Title: SmartNIC-Based System with Software-Hardware Co-Design for Machine Learning Applications

Presenter: Shining Yang

Advisor: Professor Martin Herbordt

Chair: Professor Tali Moreshet

Committee: Professor Martin Herbordt, Professor Richard Brower, Professor Tali Moreshet, Professor Richard West

Google Scholar Link: https://scholar.google.com/citations?user=cm-EF2EAAAAJ&hl=en

Abstract: Most AI training and a growing fraction of AI inference are performed on large-scale GPU-based distributed systems. As AI models continue their rapid evolution, with model size and architectural complexity growing at an unprecedented rate, inefficiencies in these systems are increasingly being exposed. Bottlenecks arise not only from insufficient hardware resources but also from dead time resulting from suboptimal component interactions. One such bottleneck addressed in this dissertation is limited GPU memory capacity. A common approach to alleviating this limitation is to use CPUs, which provide substantially larger memory capacity, as offload engines. While this strategy reduces GPU memory pressure, it introduces new challenges: performance may become limited by constrained data-transfer bandwidth and the increasing complexity of coordinating computation across heterogeneous devices.

Our thesis is that system-level inefficiencies in large-scale distributed AI systems can be significantly reduced by integrating SmartNICs as active orchestration components that coordinate communication, data movement, and synchronization across heterogeneous devices. A SmartNIC is a programmable network interface device that integrates on-board processing capability with high-speed networking. By providing programmable packet processing and direct access to host and device memory, SmartNICs create new opportunities to restructure communication paths and execution pipelines. But rather than treating SmartNICs as isolated accelerators, we view them as part of a broader system co-design space that includes in-network computation, communication coordination, and multi-device cooperation.

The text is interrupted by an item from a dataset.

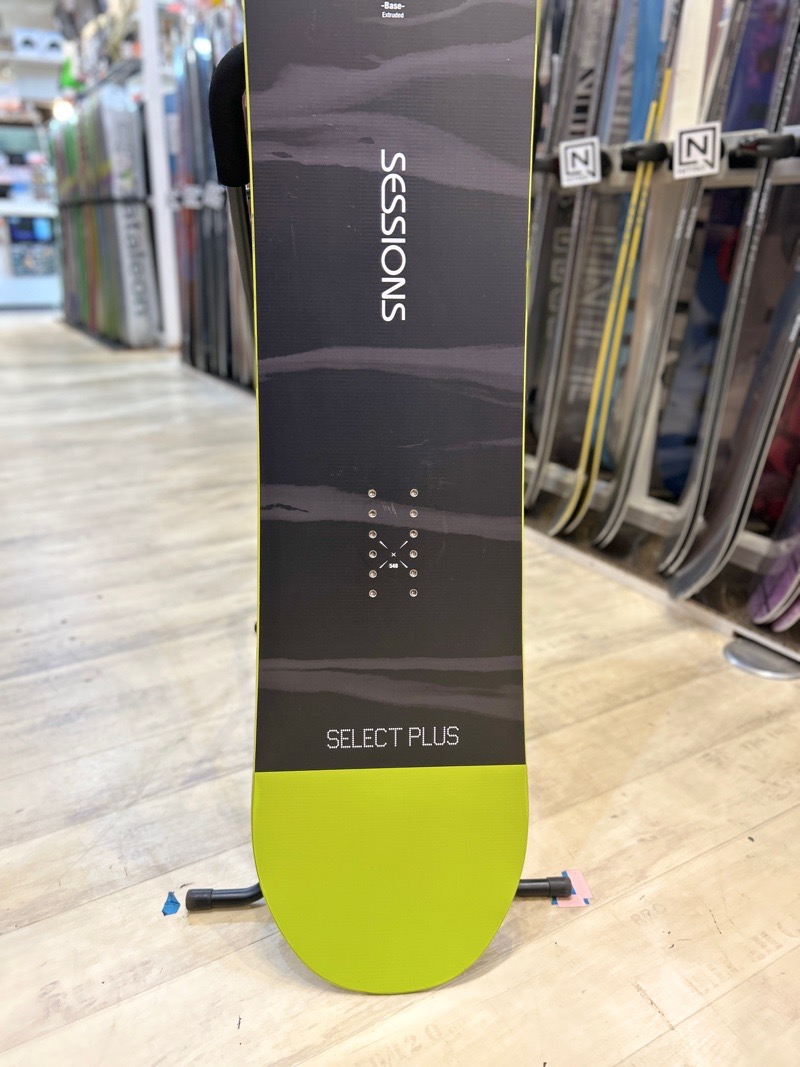 【極美品 超軽量】SESSIONS SELECT 151 スノーボード ラスト1点】メンズ スノーボード 板 型落ち SESSIONS SELECT PLUS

This dissertation investigates SmartNIC-based mechanisms that offload communication and controlling tasks from host CPUs and GPUs to SmartNICs. These mechanisms aim to reduce GPU-side overhead, improve data-movement and control efficiency, and increase communication–computation overlap in distributed AI systems. The potential impact of this architecture is a reduction in the hardware scale required to support large AI model workloads, enabling researchers and smaller organizations without access to massive GPU clusters to run such workloads.

Preliminary work for this thesis investigates how SmartNIC-GPU-CPU (SGC) system designs can improve the efficiency of distributed training for both dense and sparse AI models. Results show that the proposed SGC system achieves up to 1.6x throughput improvement for dense model training. For MoE models (sparse model), it achieves up to 1.4x latency reduction and 1.6x throughput improvement.